WHAT THIS TASK INVOLVES: Pictures in the listing do not belong in the copy, which should repeat exactly the lines from the one holding "From this question, a" through the last line.

(THE DATA Opens)

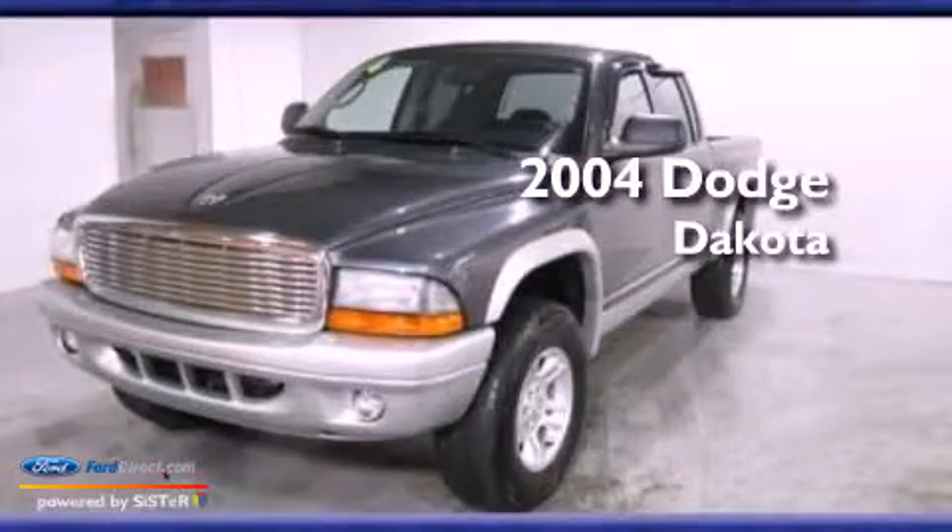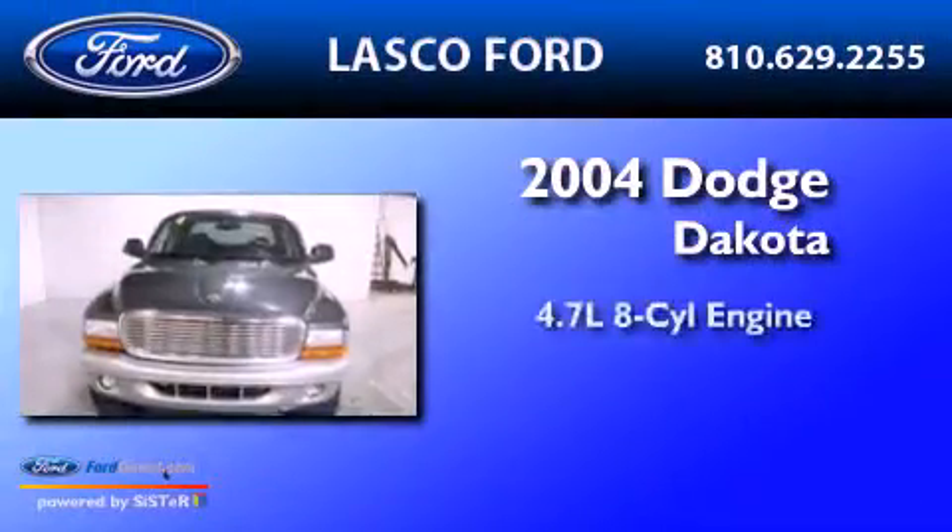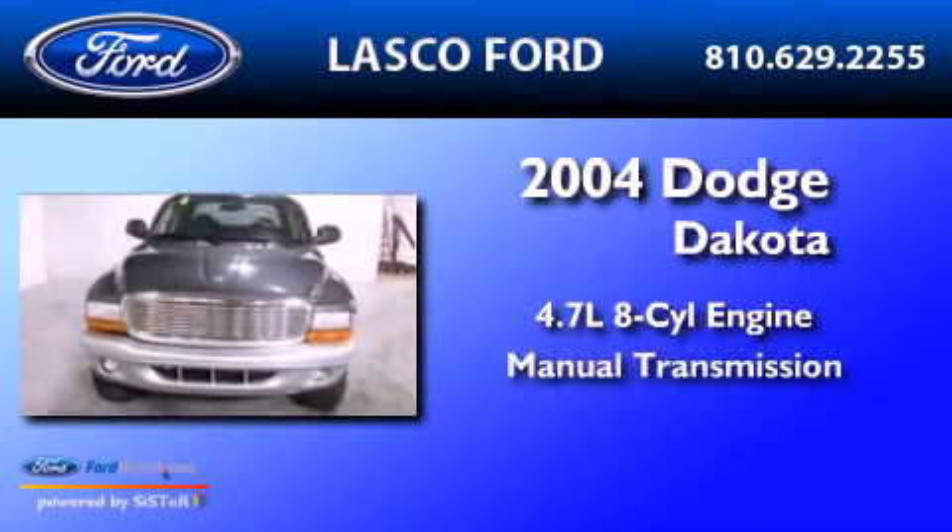This is a 2004 Dodge Dakota. It has a 4.7-liter 8-cylinder engine and a manual transmission.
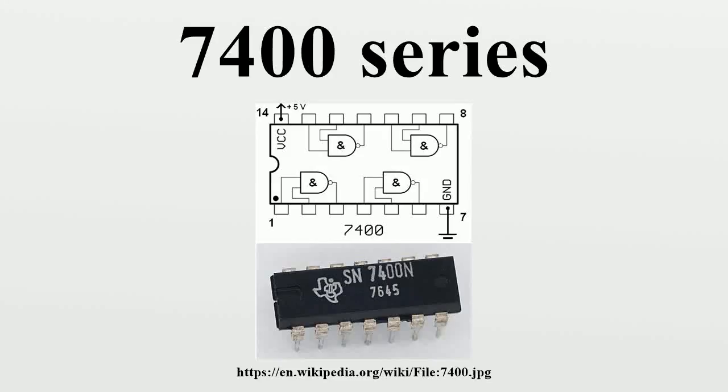The 7400 series of transistor-transistor logic integrated circuits are the most popular family of TTL integrated circuit logic, quickly replacing diode transistor logic. It was used to build the mini and mainframe computers of the 1960s and 1970s. Several generations of pin-compatible descendants of the original family have since become de facto standard electronic components.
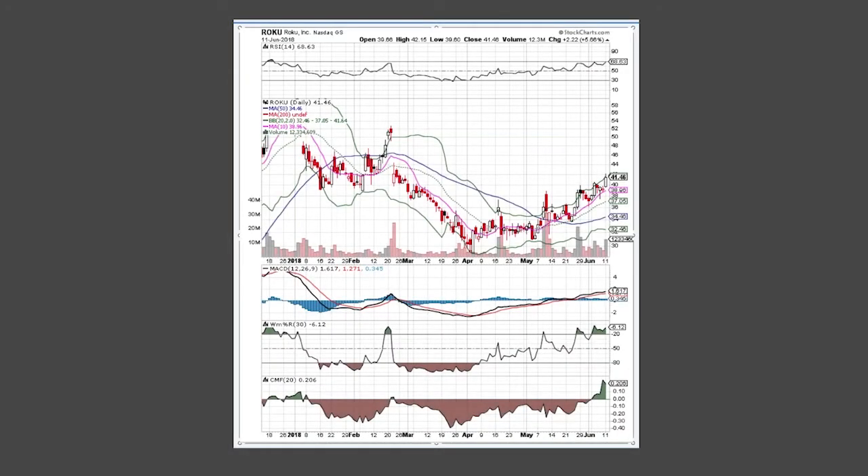Good afternoon everyone, happy Monday to you all. We're back after a couple weeks off with our chart of the week, and this week we're going to profile newer technology company Roku. Let's go ahead and mark this chart up as we go along.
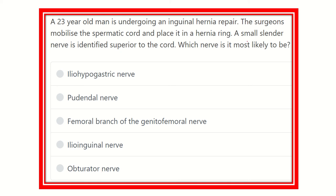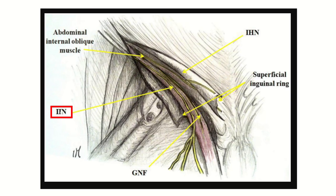From this question, a small cylinder nerve is identified superior to the cord, meaning it is located in the upper part of the spermatic cord. Here we can see the spermatic cord, and there is a nerve located just superior to the inguinal canal or superior to the spermatic cord. This is the ileo-inguinal nerve, which is derived from the lumbar plexus, with a nerve root of lumbar one. The ileo-inguinal nerve passes superior to the spermatic cord.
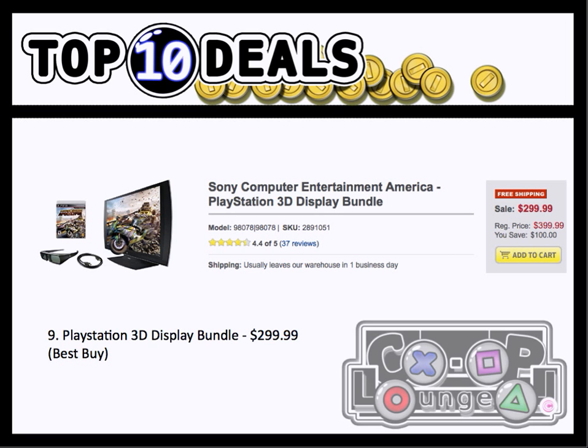Number 9, we have the PlayStation 3D Display Bundle. This is $300 at Best Buy. It's been this price before, a couple months ago. Remember, you get a 26-inch display, an HDMI cable, some active 3D shutter glasses, and a copy of Motorstorm Apocalypse. So if you've been looking out for it, a price drop from $500 — this is a pretty good buy.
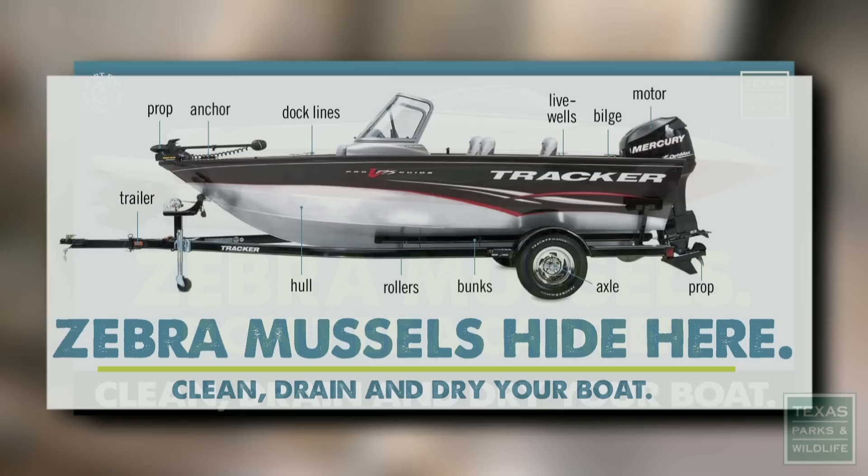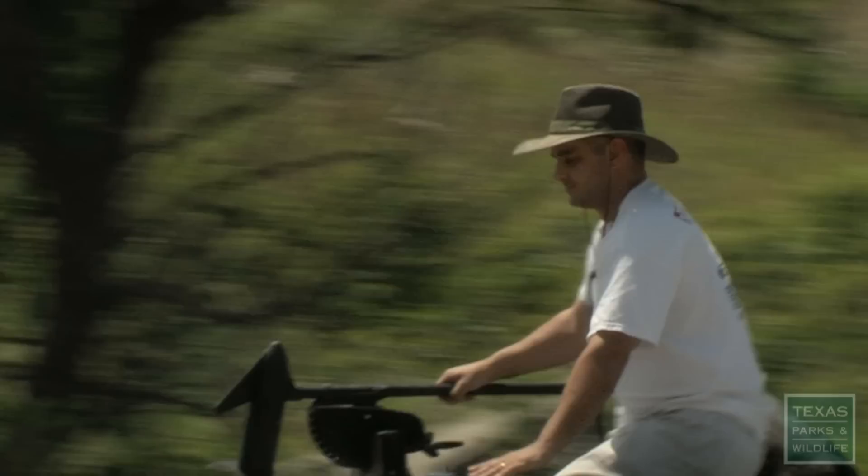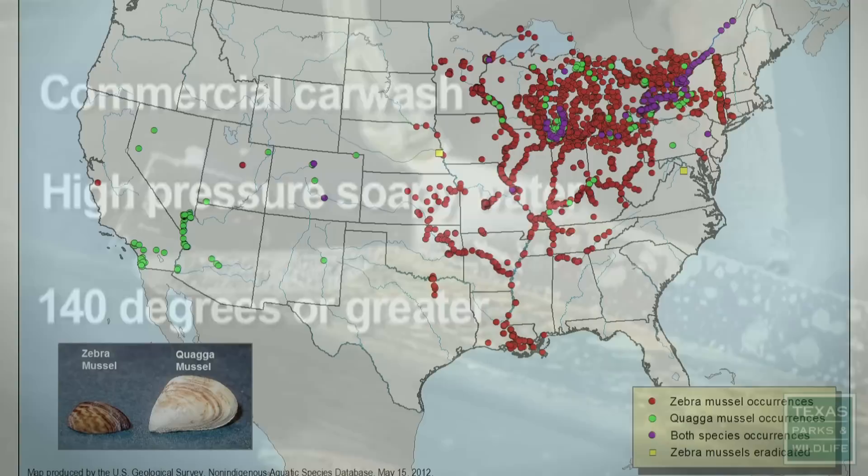They're called zebra mussels, and Texas Parks and Wildlife is trying to stop the spread of this invasive species with a new law aimed at getting boaters to drain all water from their boats before leaving an infested lake. If they spot adult attached zebra mussels on their boat when they pull it up onto the rim, they are required to remove all of those organisms before they trailer it away and down the highway. We urge them to have the maintenance staff at the marina go ahead and pressure wash the boat to remove them right there at the lake.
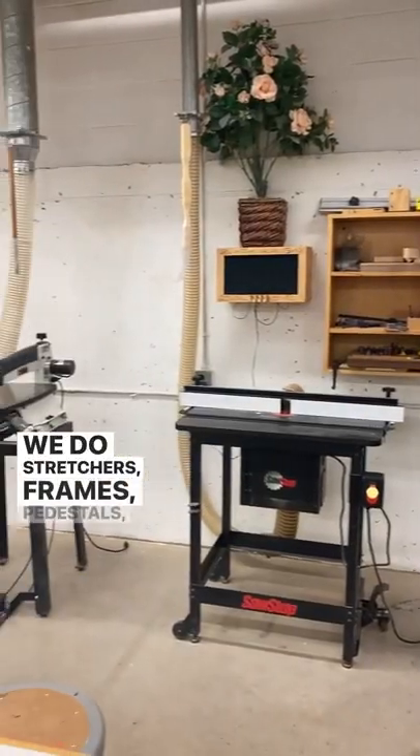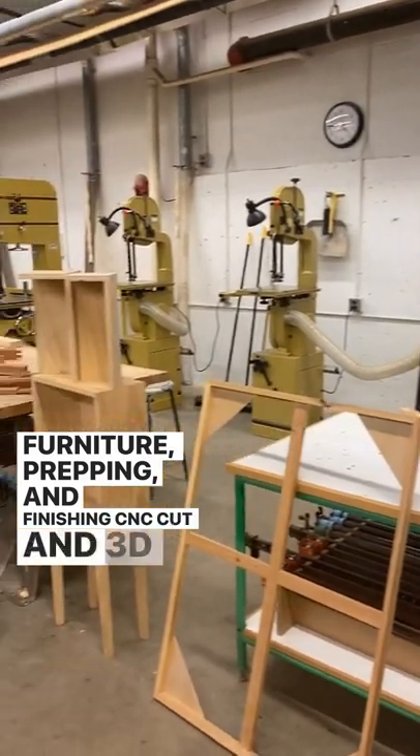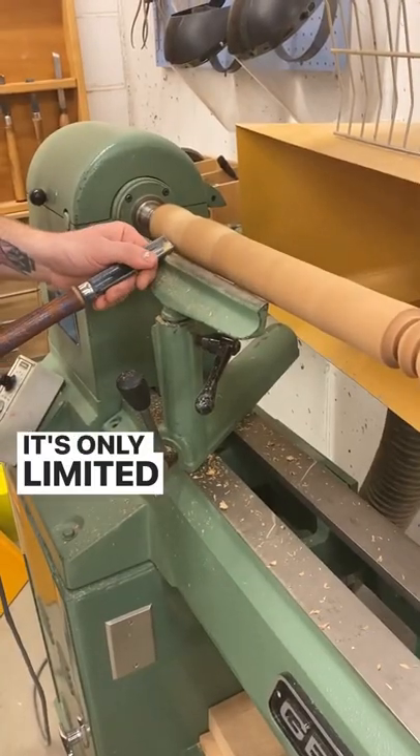We do stretchers, frames, pedestals, cabinets, carving, furniture, prepping and finishing CNC cut and 3D printed pieces — only limited by your imagination.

(THE DATA Closes)

YOUR SOLUTION:
From this question, a small cylinder nerve is identified superior to the cord, meaning it is located in the upper part of the spermatic cord. Here we can see the spermatic cord, and there is a nerve located just superior to the inguinal canal or superior to the spermatic cord. This is the ileo-inguinal nerve, which is derived from the lumbar plexus, with a nerve root of lumbar one. The ileo-inguinal nerve passes superior to the spermatic cord.
Number 9, we have the PlayStation 3D Display Bundle. This is $300 at Best Buy. It's been this price before, a couple months ago. Remember, you get a 26-inch display, an HDMI cable, some active 3D shutter glasses, and a copy of Motorstorm Apocalypse. So if you've been looking out for it, a price drop from $500 — this is a pretty good buy.
They're called zebra mussels, and Texas Parks and Wildlife is trying to stop the spread of this invasive species with a new law aimed at getting boaters to drain all water from their boats before leaving an infested lake. If they spot adult attached zebra mussels on their boat when they pull it up onto the rim, they are required to remove all of those organisms before they trailer it away and down the highway. We urge them to have the maintenance staff at the marina go ahead and pressure wash the boat to remove them right there at the lake.
We do stretchers, frames, pedestals, cabinets, carving, furniture, prepping and finishing CNC cut and 3D printed pieces — only limited by your imagination.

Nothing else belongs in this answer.